Set down, exactly and with nothing added, the lines running from the one that holds "Тарелка 36 х" to the final line of the records. Pictures stay out of the copy.

Web page caption snippets

*-*-*

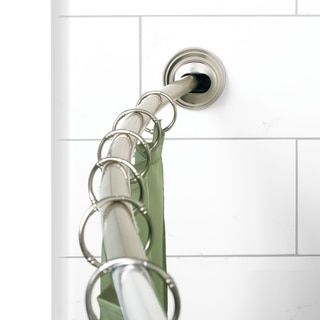 Zenna Home Adjustable Curved Tension Shower Rod - Chrome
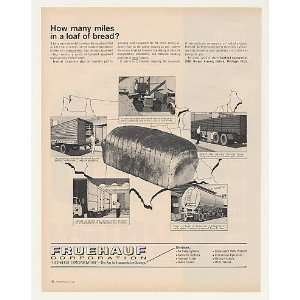  1963 Loaf of Bread Production Fruehauf Truck Print Ad 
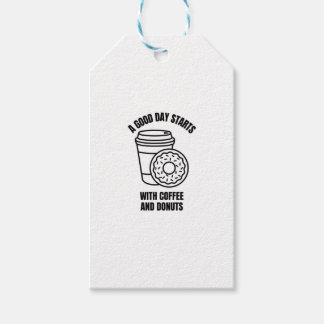 良い日はコーヒーとドーナツから始まる ギフトタグ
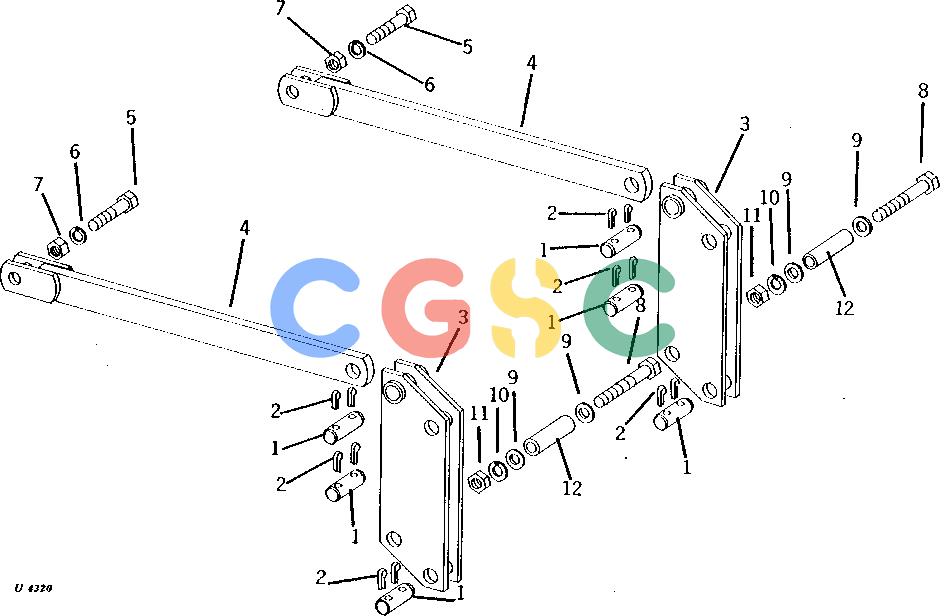 约翰迪尔零件查询92 - BACKHOE TIE BARS AND MOUNTING PARTS FOR 1010 WHEEL TRACTOR [C18]EPC John Deere online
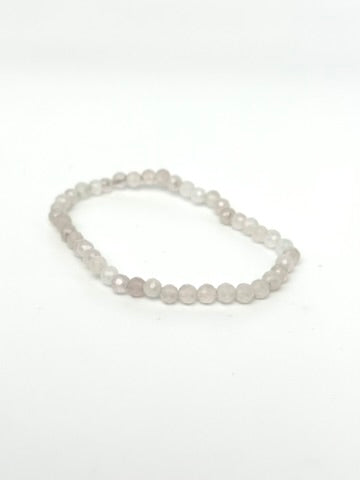 Rosenquarz Armband Facettiert 4mm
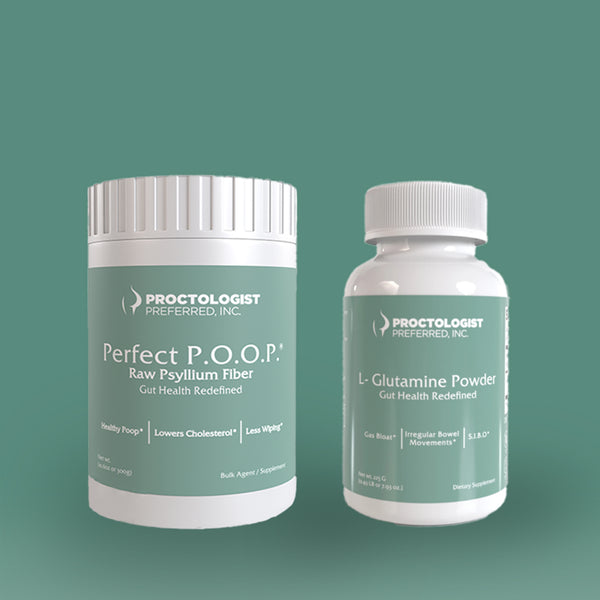 Perfect P.O.O.P® Raw Psyllium Fiber and L-Glutamine Powder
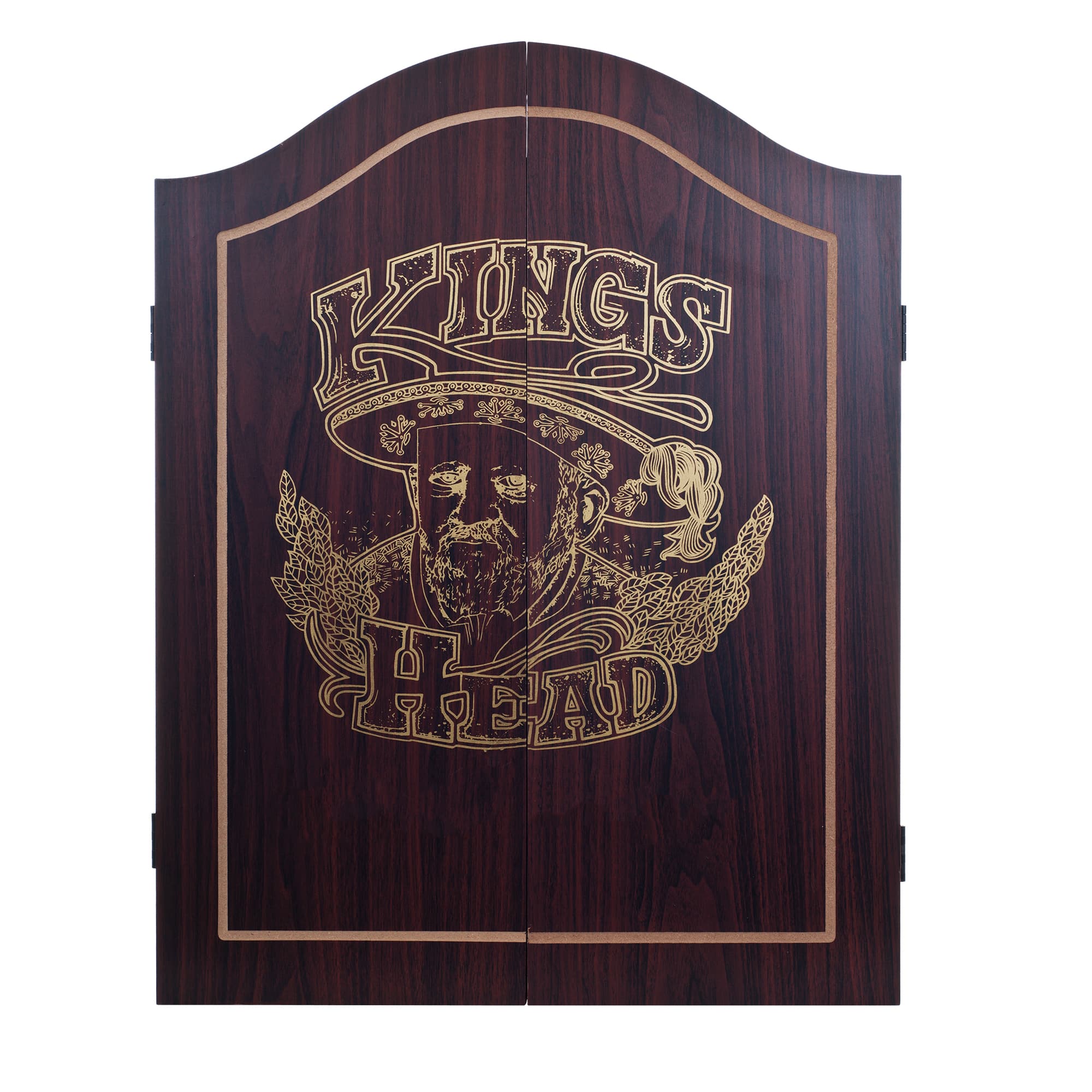 Toy Time King&#x27;s Head Value Dartboard Cabinet Set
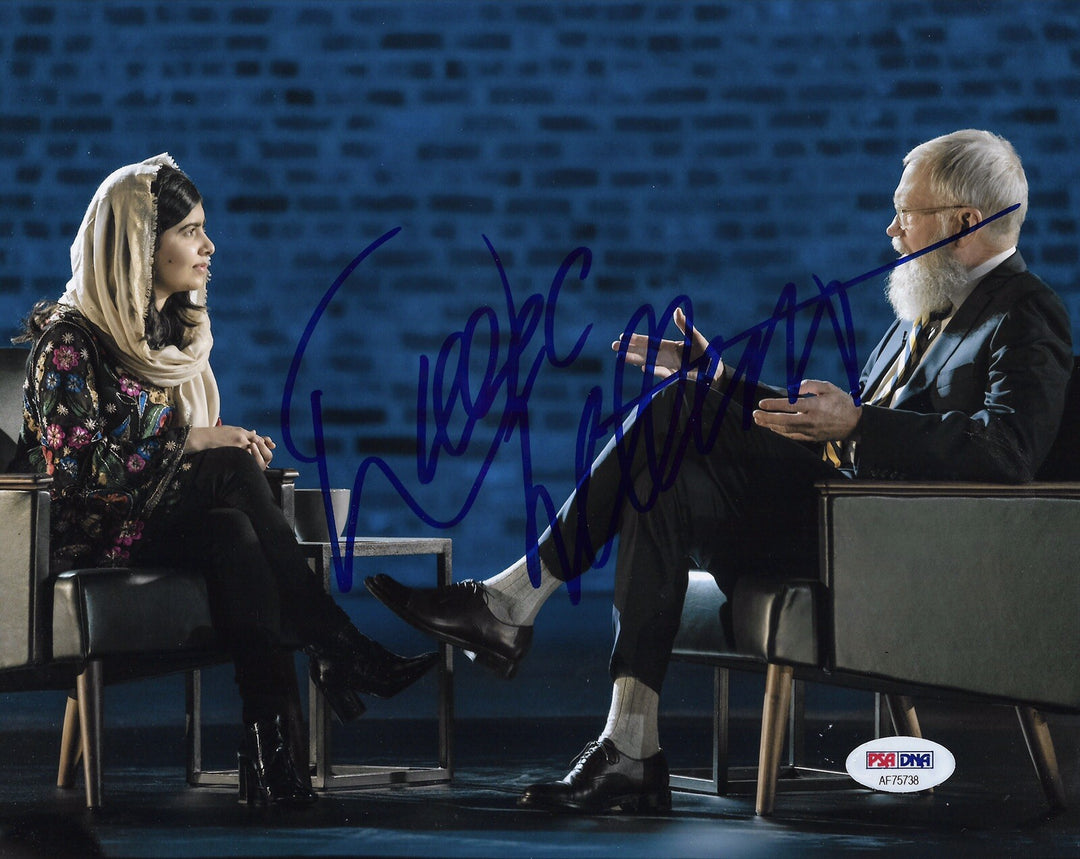 DAVID LETTERMAN SIGNED AUTOGRAPHED 8x10 PHOTO THE LATE SHOW NETFLIX PSA/DNA B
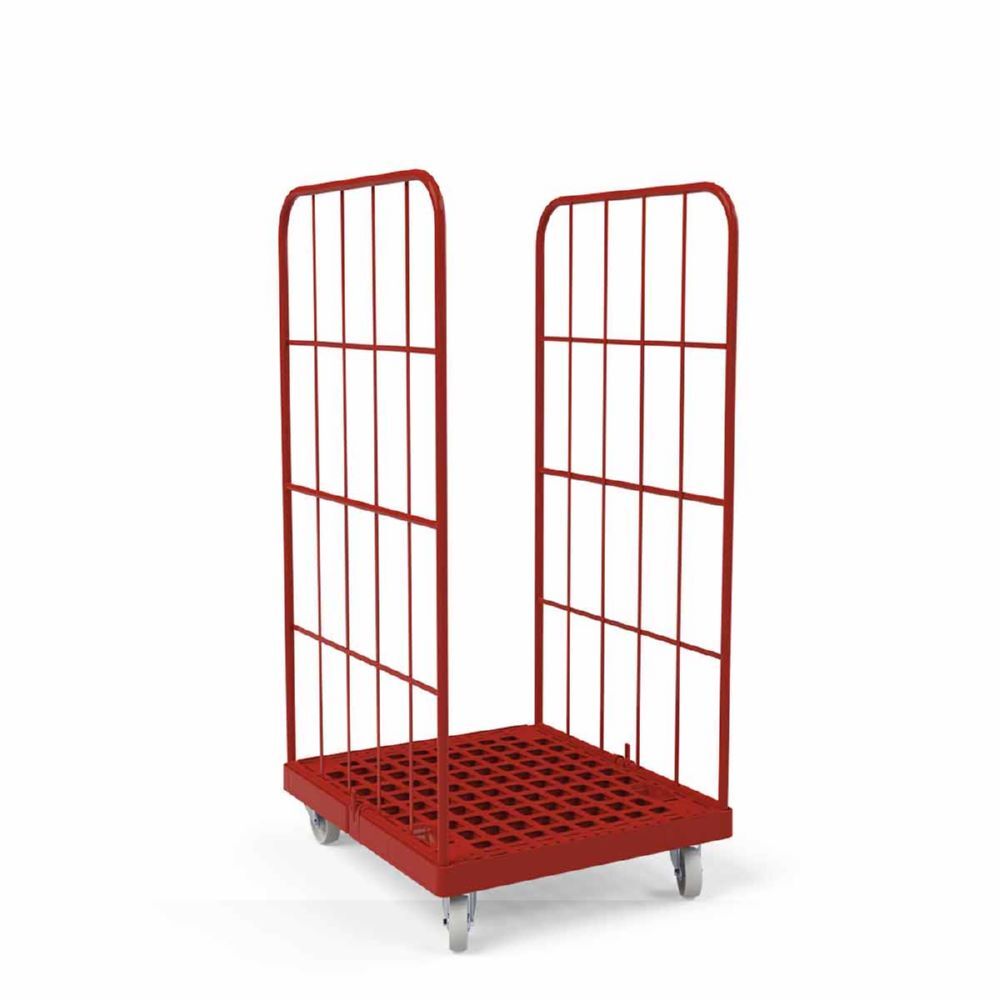 ESB Rollbehälter 1350 KU 2 seitig rot 724 x 815 mm Produktbild ESB Rollbehälter 1350 KU 2 seitig rot 724 x 815 mm bild 2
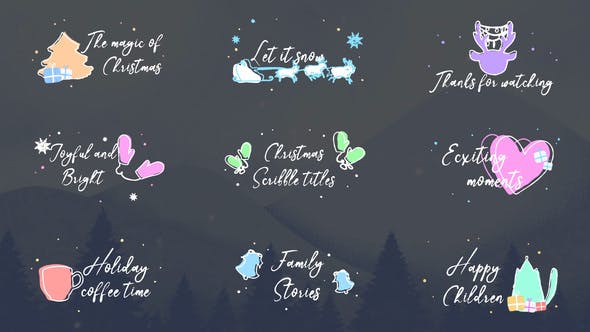 Christmas Scribble Titles | After Effects - Download Videohive 35264504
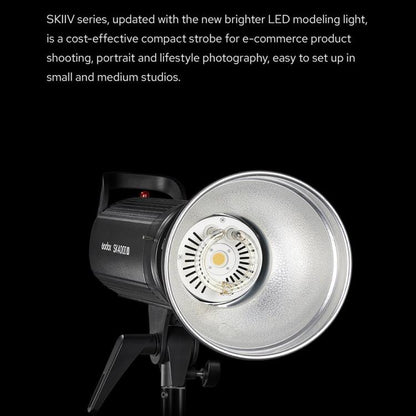 Godox SK300II-V Studio Flash Photo Light 300Ws Bowens Mount Monolight Light (AU Plug)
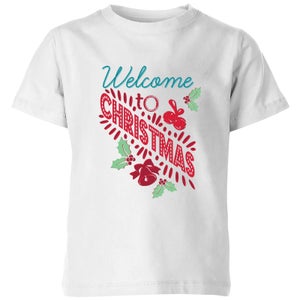 Welcome Kids' T-Shirt - White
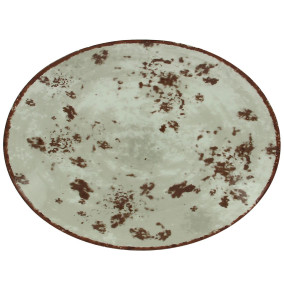Тарелка 36 х 27 см овальная плоская серая  RAK Porcelain "Peppery" / 314823
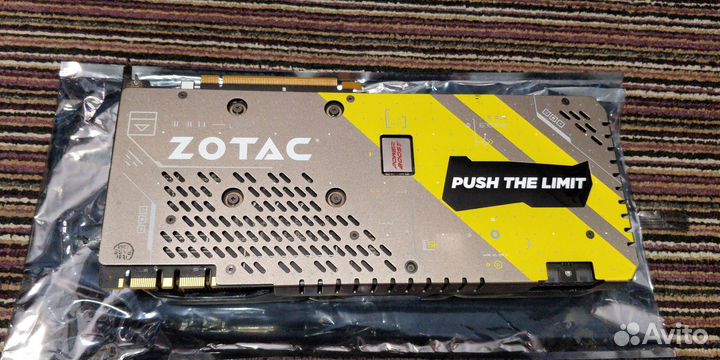 Видеокарта zotac GeForce GTX 1070 AMP Extreme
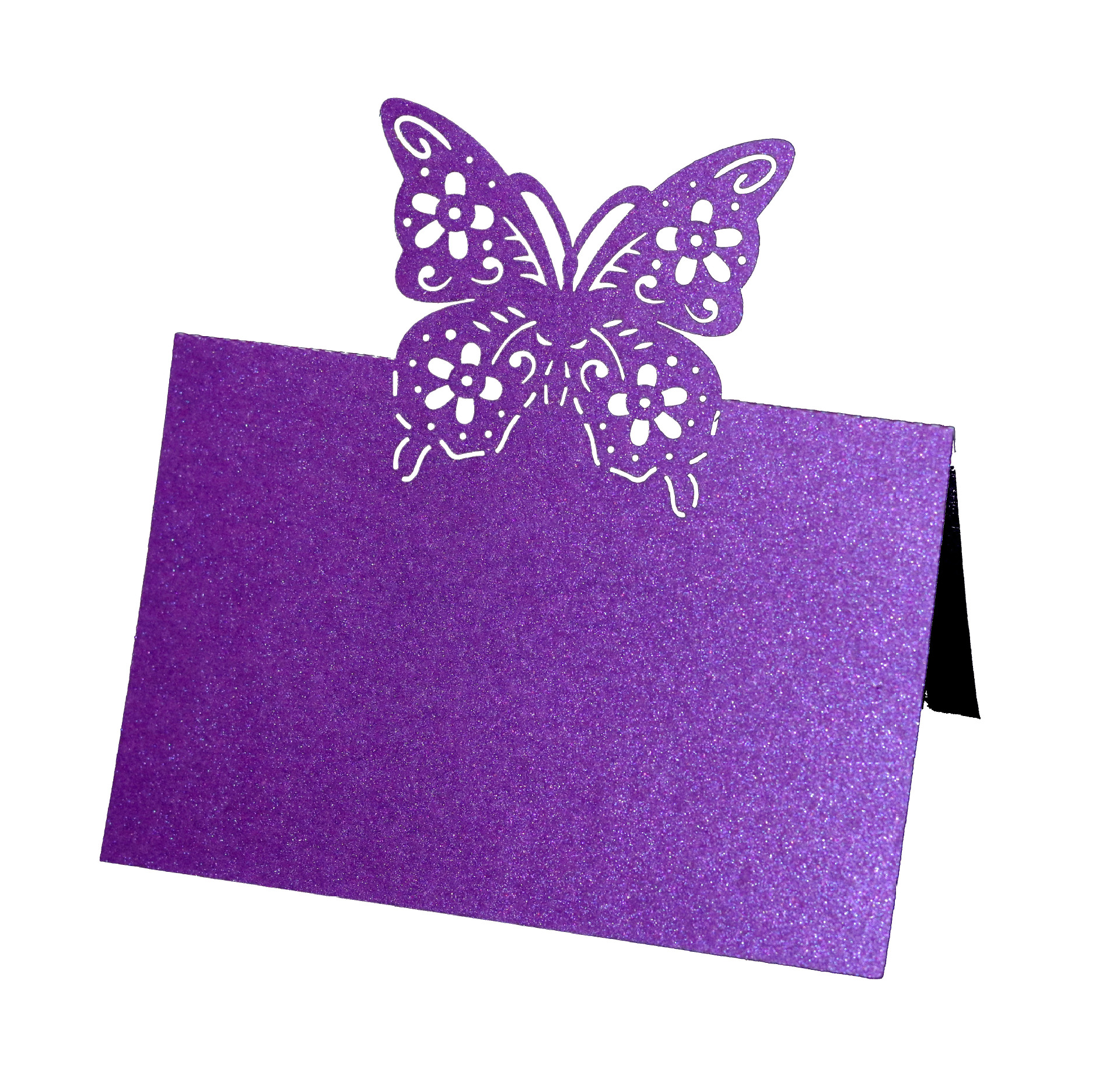 欧式结婚席位卡 蝴蝶卡片激光镂空纸桌卡 座位牌卡姓名座次卡批发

*-*-*

● Output below
Тарелка 36 х 27 см овальная плоская серая  RAK Porcelain "Peppery" / 314823
 Видеокарта zotac GeForce GTX 1070 AMP Extreme
 欧式结婚席位卡 蝴蝶卡片激光镂空纸桌卡 座位牌卡姓名座次卡批发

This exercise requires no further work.